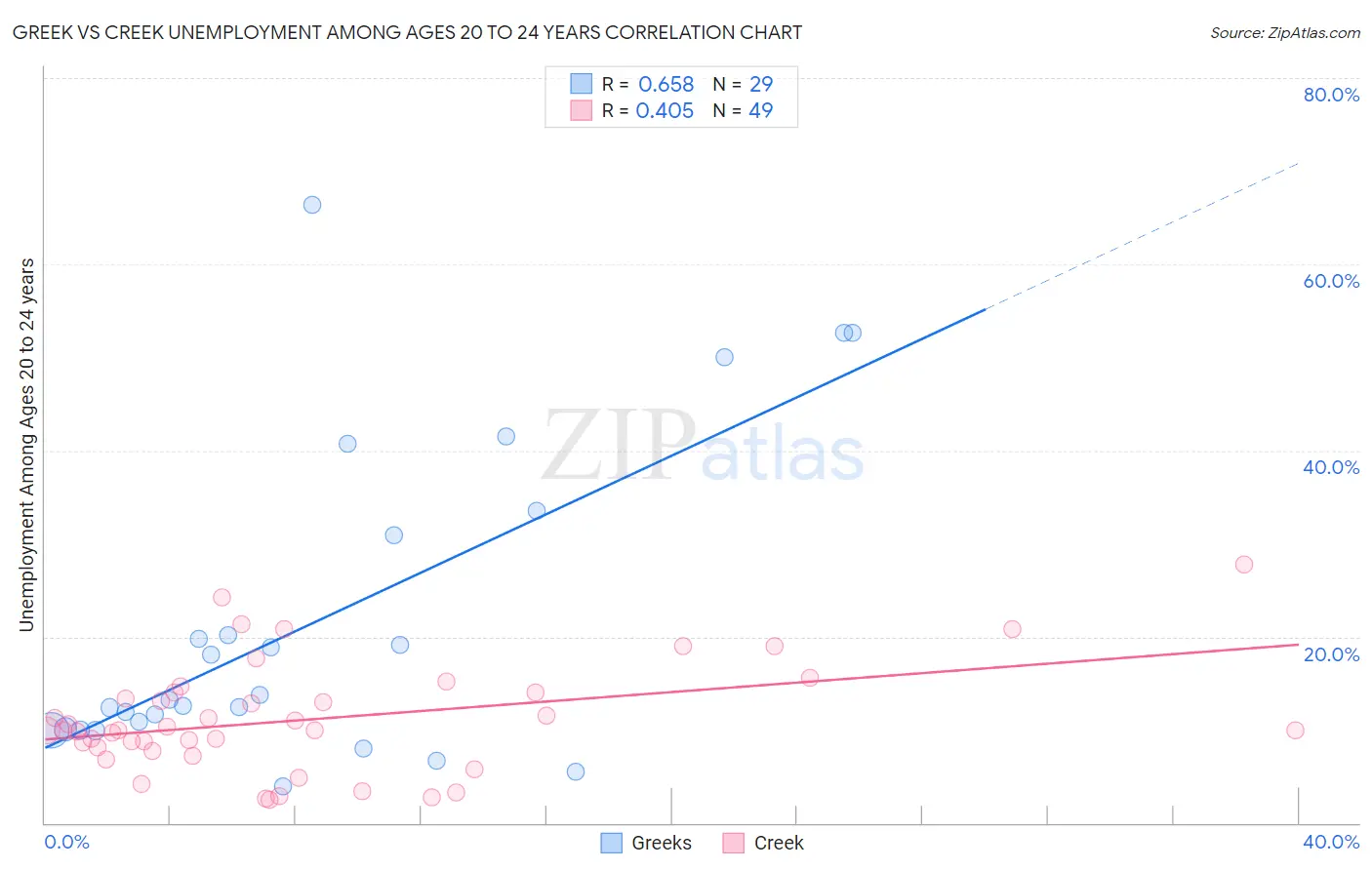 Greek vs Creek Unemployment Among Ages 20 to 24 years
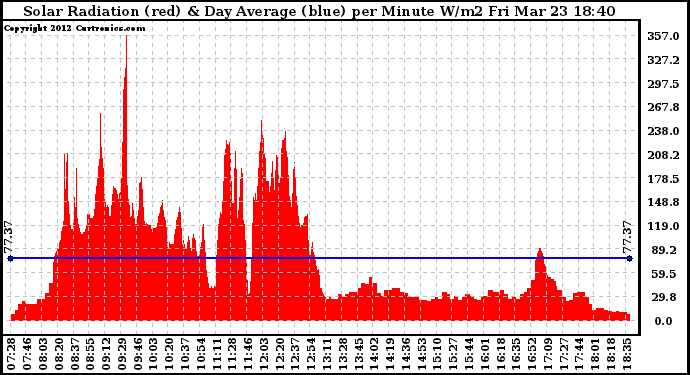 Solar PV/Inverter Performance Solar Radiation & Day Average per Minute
◇ ◇ ◇ ◇ ◇
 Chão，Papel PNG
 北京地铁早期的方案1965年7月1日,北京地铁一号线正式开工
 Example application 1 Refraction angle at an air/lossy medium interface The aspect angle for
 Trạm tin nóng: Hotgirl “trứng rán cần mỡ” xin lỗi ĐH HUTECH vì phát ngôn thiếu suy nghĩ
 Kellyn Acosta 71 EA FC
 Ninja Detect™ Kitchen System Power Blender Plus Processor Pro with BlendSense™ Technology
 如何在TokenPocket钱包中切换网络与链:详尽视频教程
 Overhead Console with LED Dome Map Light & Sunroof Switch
◇ ◇ ◇ ◇ ◇
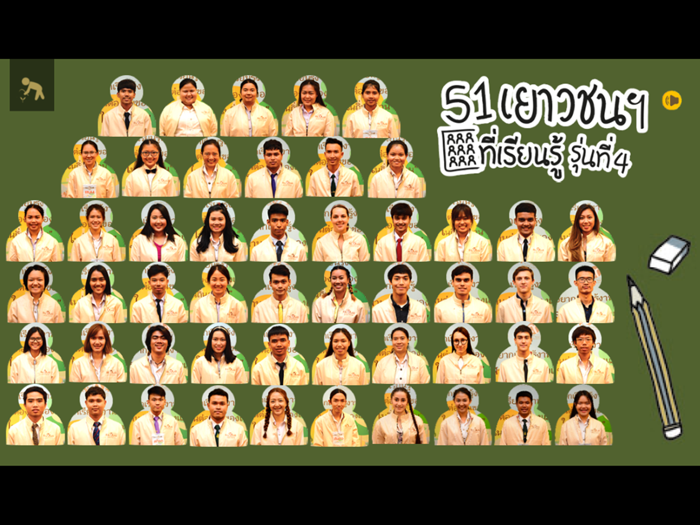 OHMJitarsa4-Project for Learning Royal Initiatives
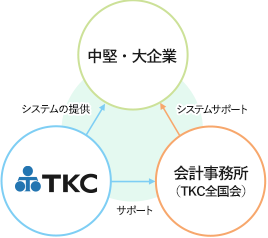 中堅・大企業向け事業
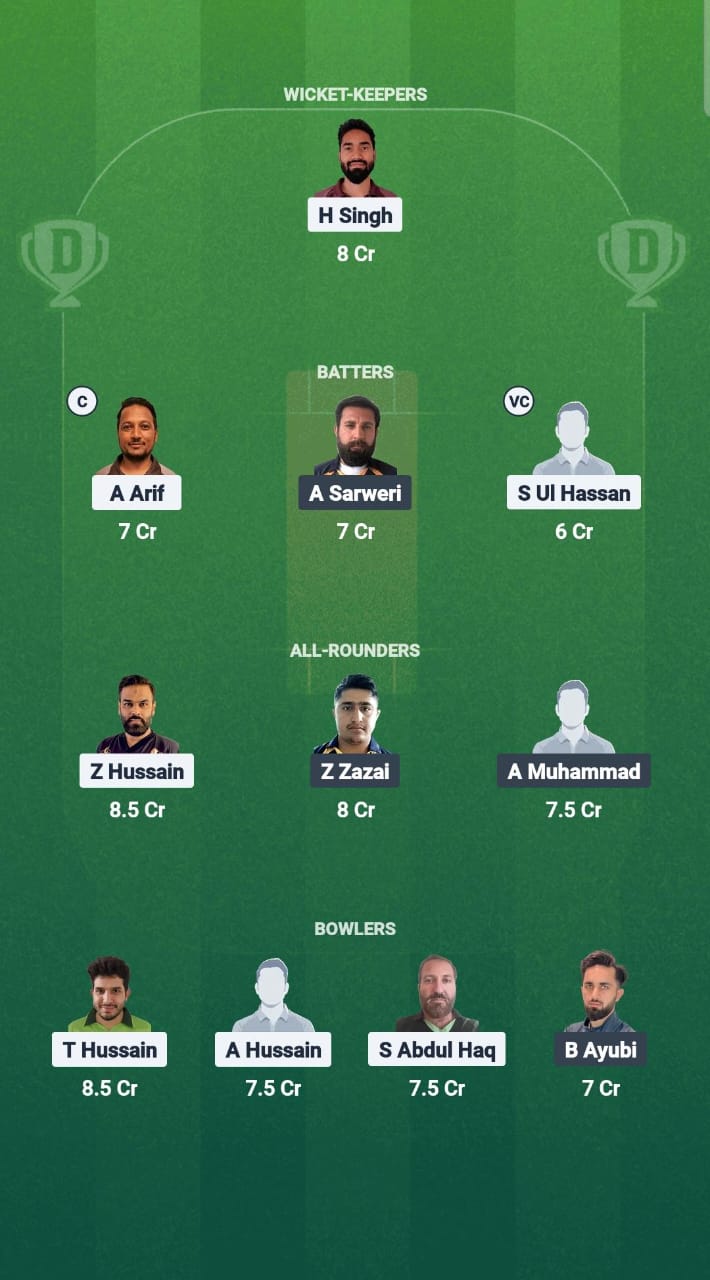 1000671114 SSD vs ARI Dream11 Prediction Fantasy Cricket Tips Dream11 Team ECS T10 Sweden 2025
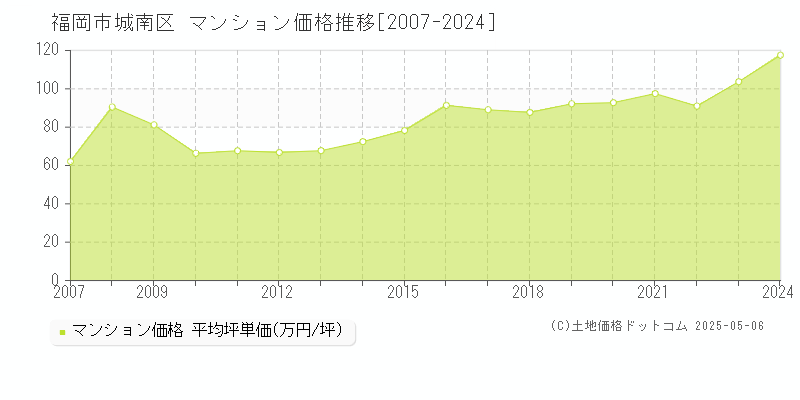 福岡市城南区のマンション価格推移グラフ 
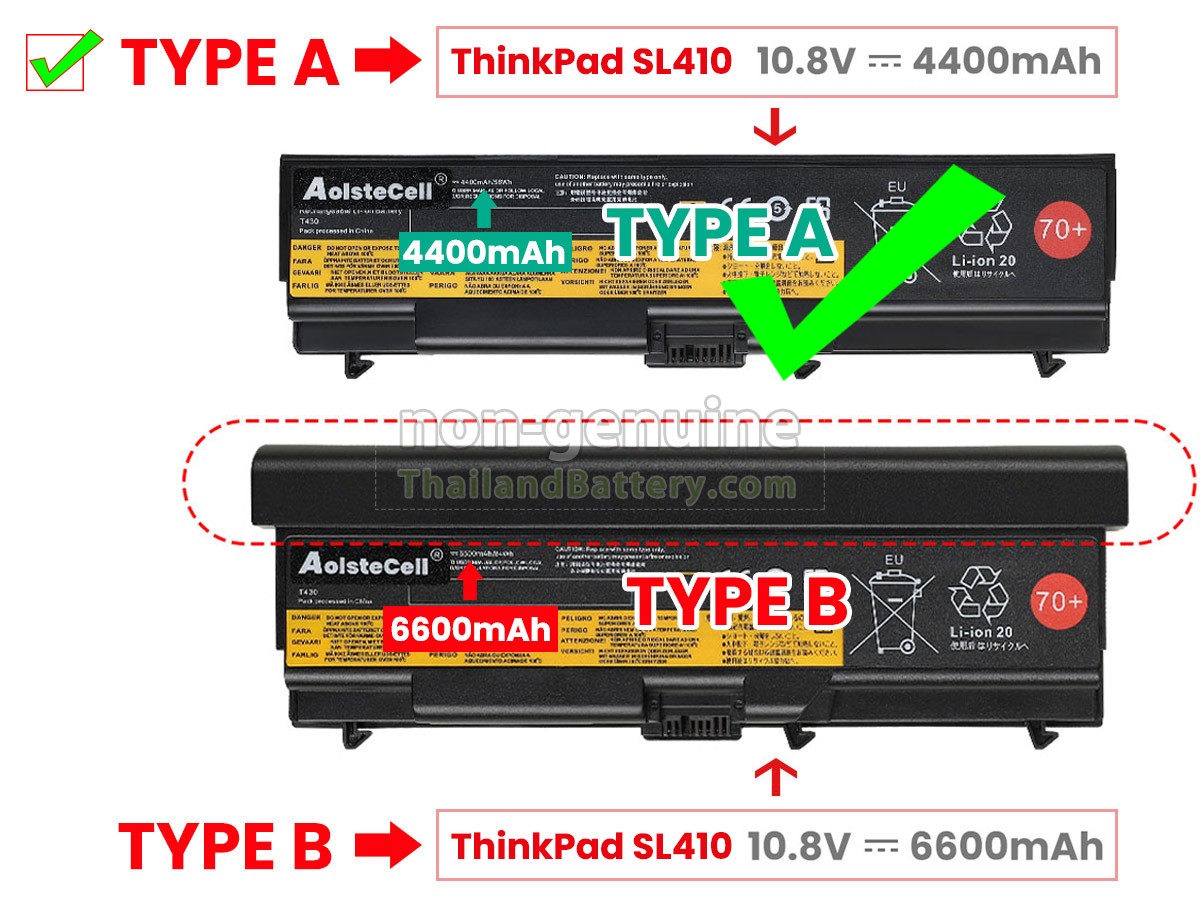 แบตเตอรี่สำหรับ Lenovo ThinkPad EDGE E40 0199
◇ ◇ ◇ ◇ ◇
| How to complete this task |
Within the material above, the line with "Trạm tin nóng: Hotgirl" opens the range and the line with "Overhead Console with" closes it; reproduce that range word for word.

| Solution |
 Trạm tin nóng: Hotgirl “trứng rán cần mỡ” xin lỗi ĐH HUTECH vì phát ngôn thiếu suy nghĩ
 Kellyn Acosta 71 EA FC
 Ninja Detect™ Kitchen System Power Blender Plus Processor Pro with BlendSense™ Technology
 如何在TokenPocket钱包中切换网络与链:详尽视频教程
 Overhead Console with LED Dome Map Light & Sunroof Switch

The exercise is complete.